The current Press Secretary is Sophie Nazemi.

==Role==
The Press Secretary will address the lobby correspondents at 10 Downing Street to give journalists information on events attended by the Prime Minister, as well as current affairs in Downing Street and in Parliament. The Press Secretary works within the Prime Minister's Office and the Downing Street Press Office.

==History==
Various political advisers have in the past acted in a press secretary role. The first dedicated press officer, appointed in 1931 'to meet the need of a full-time public relations officer in the Prime Minister's Office', was George Steward, who remained in post until 1944. Francis Williams, a journalist who had served in the Ministry of Information during the Second World War, served under Clement Attlee, as 'Adviser on Public Relations'. Winston Churchill shunned the role, and did not appoint anyone to the role until several months into his premiership, when he hired Fife Clark. In 1997 Alastair Campbell was appointed by then-Prime Minister Tony Blair. When David Cameron was elected, Gabby Bertin who had previously served as the head of press for the Conservative Party became the Downing Street Press Secretary. She was later replaced by Susie Squire in 2012. In July 2016 when Theresa May became Prime Minister, Lizzie Loudon was appointed as her Press Secretary. Following the resignation of Loudon in April 2017, Paul Harrison took over the role after the general election on 8 June.
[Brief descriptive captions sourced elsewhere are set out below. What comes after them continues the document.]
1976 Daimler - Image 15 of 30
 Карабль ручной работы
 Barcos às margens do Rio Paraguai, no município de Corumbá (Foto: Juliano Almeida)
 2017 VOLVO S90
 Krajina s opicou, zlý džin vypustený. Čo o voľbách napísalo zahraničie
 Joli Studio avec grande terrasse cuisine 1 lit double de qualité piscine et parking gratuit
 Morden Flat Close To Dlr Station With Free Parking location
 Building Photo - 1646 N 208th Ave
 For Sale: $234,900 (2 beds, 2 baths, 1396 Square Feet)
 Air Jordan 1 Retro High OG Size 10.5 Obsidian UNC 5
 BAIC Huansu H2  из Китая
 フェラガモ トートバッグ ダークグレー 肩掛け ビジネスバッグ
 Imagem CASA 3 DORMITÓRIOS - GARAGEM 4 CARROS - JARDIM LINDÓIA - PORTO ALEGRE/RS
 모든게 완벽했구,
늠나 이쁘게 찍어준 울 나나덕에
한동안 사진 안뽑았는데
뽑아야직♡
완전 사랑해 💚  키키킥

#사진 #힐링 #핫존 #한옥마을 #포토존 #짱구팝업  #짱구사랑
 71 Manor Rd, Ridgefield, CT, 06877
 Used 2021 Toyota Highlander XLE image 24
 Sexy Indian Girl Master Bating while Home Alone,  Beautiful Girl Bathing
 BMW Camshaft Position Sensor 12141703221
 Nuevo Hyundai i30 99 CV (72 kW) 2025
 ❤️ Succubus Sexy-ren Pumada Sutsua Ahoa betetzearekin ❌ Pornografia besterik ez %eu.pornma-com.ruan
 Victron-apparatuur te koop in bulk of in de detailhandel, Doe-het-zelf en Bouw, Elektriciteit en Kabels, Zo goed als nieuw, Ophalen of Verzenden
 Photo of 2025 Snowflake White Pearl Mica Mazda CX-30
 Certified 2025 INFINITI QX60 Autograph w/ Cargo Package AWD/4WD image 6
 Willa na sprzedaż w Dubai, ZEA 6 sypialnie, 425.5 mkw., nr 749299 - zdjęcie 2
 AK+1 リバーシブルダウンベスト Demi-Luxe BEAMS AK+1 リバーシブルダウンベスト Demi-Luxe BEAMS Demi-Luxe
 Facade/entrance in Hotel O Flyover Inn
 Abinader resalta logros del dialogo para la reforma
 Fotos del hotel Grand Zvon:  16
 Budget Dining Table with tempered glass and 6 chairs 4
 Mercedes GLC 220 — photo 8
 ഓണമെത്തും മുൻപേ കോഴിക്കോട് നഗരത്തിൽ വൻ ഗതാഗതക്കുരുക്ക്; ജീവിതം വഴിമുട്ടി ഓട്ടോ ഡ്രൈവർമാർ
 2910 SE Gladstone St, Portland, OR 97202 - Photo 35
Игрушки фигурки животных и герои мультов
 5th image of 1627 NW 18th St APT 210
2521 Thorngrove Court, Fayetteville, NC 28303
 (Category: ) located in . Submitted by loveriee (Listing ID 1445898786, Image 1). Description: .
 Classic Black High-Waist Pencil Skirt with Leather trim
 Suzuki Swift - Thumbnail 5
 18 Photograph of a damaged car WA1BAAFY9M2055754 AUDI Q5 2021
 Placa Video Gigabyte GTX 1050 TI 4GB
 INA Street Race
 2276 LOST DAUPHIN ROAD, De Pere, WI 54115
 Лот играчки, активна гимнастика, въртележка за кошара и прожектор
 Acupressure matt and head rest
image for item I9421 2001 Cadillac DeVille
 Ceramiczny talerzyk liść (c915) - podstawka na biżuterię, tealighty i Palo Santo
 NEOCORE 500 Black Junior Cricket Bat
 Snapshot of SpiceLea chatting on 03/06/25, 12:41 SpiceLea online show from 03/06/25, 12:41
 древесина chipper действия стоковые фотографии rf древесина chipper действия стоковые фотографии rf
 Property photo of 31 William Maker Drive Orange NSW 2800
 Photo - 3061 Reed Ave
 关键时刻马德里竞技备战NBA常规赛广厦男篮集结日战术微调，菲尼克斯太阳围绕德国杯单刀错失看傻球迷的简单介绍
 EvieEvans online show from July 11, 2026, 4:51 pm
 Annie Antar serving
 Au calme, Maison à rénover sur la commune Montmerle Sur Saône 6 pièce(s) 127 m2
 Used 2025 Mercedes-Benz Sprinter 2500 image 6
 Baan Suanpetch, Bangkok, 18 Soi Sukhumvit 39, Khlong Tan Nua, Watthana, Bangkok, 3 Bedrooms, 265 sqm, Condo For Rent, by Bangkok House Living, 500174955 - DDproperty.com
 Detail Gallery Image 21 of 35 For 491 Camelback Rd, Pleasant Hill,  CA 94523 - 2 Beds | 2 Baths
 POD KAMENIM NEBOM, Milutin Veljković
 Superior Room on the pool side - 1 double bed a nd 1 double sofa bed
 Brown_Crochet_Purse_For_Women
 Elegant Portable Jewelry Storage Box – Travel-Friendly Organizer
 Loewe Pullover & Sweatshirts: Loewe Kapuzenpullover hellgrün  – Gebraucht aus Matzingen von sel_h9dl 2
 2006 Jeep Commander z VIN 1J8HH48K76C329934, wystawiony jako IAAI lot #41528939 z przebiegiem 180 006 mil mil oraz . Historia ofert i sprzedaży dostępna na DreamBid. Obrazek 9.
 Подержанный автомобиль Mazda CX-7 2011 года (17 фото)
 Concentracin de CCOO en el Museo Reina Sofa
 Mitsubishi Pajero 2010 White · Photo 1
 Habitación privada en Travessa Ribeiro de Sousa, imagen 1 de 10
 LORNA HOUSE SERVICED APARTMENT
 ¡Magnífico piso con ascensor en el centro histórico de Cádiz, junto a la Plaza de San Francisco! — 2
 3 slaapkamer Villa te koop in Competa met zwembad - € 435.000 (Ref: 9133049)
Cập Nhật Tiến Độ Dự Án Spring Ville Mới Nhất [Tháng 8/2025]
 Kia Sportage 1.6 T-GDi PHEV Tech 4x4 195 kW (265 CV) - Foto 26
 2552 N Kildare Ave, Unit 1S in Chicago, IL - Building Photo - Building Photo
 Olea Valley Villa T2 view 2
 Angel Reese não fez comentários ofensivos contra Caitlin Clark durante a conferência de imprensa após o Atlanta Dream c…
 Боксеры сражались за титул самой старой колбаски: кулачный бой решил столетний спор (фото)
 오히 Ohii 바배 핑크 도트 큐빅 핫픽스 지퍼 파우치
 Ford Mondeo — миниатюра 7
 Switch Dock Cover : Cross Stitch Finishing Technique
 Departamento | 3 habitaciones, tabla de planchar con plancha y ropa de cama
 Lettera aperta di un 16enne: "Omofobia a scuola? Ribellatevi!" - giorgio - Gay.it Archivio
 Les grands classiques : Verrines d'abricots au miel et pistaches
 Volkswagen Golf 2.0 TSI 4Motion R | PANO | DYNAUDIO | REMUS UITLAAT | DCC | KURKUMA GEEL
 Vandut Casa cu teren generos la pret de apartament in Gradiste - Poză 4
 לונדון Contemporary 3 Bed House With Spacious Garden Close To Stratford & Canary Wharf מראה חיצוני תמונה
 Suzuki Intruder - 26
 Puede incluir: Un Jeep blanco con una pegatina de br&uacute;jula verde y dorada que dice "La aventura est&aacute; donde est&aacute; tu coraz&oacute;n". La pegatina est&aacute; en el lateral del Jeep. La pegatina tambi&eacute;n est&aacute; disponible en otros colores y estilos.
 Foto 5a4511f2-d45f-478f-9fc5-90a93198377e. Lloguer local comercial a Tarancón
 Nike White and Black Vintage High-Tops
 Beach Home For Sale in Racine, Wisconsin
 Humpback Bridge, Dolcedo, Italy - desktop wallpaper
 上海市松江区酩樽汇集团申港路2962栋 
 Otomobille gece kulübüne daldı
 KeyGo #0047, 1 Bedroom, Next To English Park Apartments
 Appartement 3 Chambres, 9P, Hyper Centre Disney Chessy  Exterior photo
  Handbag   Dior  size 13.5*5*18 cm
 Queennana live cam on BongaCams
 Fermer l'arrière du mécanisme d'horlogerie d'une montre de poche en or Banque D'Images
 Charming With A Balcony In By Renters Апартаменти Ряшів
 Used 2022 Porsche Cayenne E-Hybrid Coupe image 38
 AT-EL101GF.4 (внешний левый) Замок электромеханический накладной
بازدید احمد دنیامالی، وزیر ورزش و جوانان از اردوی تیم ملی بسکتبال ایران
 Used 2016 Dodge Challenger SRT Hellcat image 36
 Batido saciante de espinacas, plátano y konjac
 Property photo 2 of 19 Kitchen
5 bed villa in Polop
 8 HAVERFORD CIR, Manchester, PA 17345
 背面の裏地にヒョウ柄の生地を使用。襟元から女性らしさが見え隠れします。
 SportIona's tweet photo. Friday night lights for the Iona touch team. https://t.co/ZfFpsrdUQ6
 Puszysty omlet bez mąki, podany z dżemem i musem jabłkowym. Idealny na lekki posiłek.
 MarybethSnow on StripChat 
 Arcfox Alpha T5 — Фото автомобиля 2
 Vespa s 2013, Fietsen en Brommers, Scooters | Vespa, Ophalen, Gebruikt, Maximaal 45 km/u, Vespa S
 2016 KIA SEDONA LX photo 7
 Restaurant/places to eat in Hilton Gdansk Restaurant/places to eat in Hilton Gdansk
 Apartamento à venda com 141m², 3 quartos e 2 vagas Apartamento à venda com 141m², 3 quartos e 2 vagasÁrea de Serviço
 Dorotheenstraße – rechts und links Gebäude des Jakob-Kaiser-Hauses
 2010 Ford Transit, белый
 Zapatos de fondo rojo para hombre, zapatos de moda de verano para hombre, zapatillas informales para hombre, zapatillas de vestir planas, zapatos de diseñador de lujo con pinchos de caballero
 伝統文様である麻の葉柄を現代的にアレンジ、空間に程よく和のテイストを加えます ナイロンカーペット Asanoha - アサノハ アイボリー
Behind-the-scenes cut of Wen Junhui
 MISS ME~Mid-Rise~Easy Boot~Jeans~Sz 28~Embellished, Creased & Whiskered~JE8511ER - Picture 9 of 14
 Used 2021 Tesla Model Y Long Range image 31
Rob Oxley was appointed Press Secretary immediately following Boris Johnson's appointment as Prime Minister on 24 July 2019; he served until March 2020, when he moved to perform a similar role at the Foreign, Commonwealth and Development Office. On 8 October 2020 it was announced that Allegra Stratton would take over from him in an expanded role to include fronting new daily televised press briefings. These were originally scheduled for launch in November 2020 but were repeatedly delayed before being scrapped on 20 April 2021, without any taking place.

Stratton was replaced by Rosie Bate-Williams, a former media special adviser in Downing Street, who in turn was replaced by Alex Wild as part of the Truss ministry in September 2022. On October 25, 2022, following the replacement of Liz Truss as Prime Minister and leader of the Conservative Party by Rishi Sunak, Nerissa Chesterfield was appointed by Sunak as the new Press Secretary.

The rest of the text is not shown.